What you have to do:
Please repeat the data exactly. Any picture in it stays out.

Supplied material:

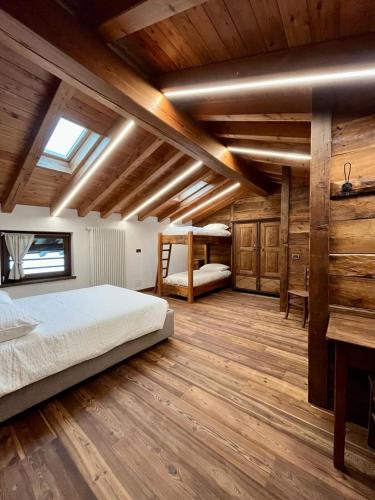 a bedroom with a bed and a wooden floor at La Louye su La Goumba in Pontboset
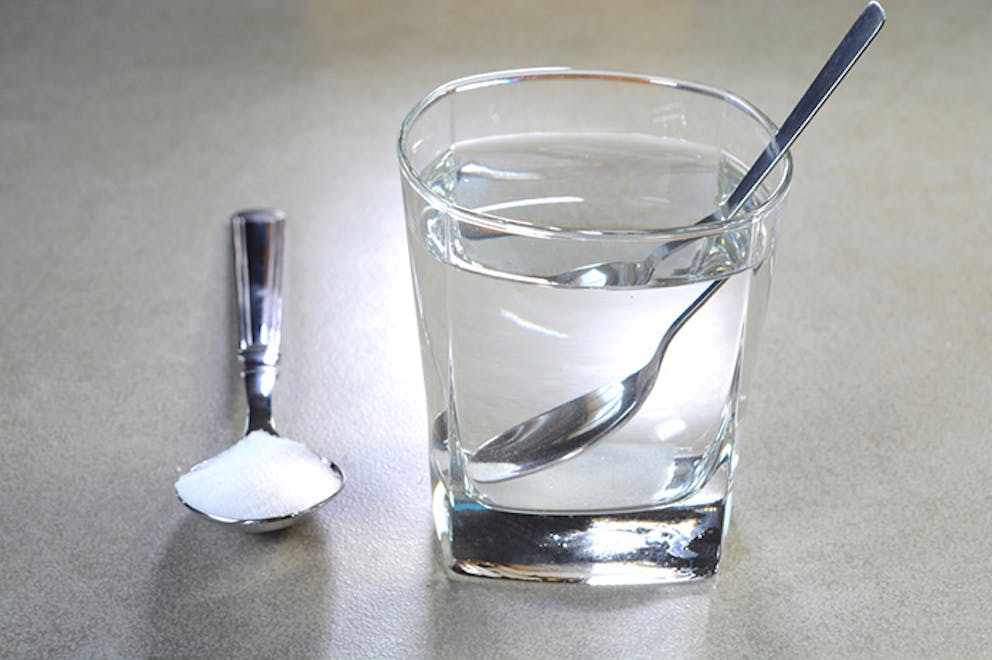 Glass cup of water with spoon, spoon of salt next to it, how to do a salt water gargle.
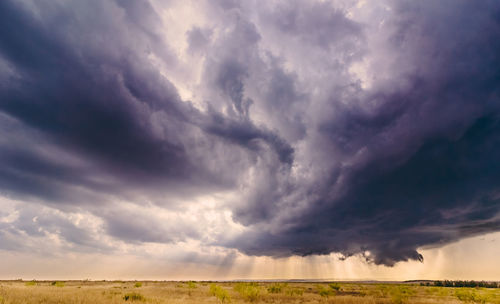 Storm cloud over barren landscape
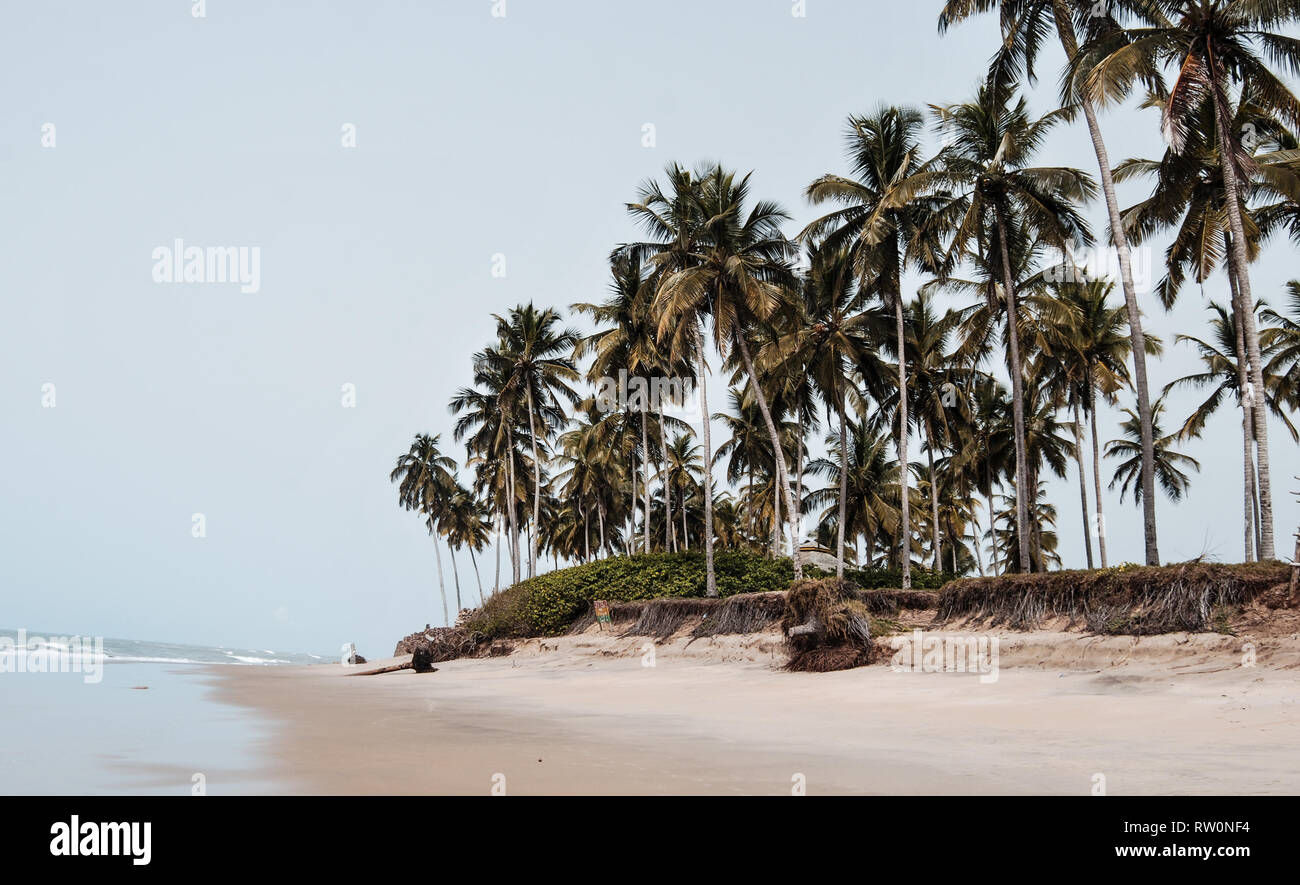 A nice landscape photo of a beautiful tropical sandy beach near the town of Elmina, Ghana, West Africa Stock Photo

Result below:
 a bedroom with a bed and a wooden floor at La Louye su La Goumba in Pontboset
 Glass cup of water with spoon, spoon of salt next to it, how to do a salt water gargle.
 Storm cloud over barren landscape
 A nice landscape photo of a beautiful tropical sandy beach near the town of Elmina, Ghana, West Africa Stock Photo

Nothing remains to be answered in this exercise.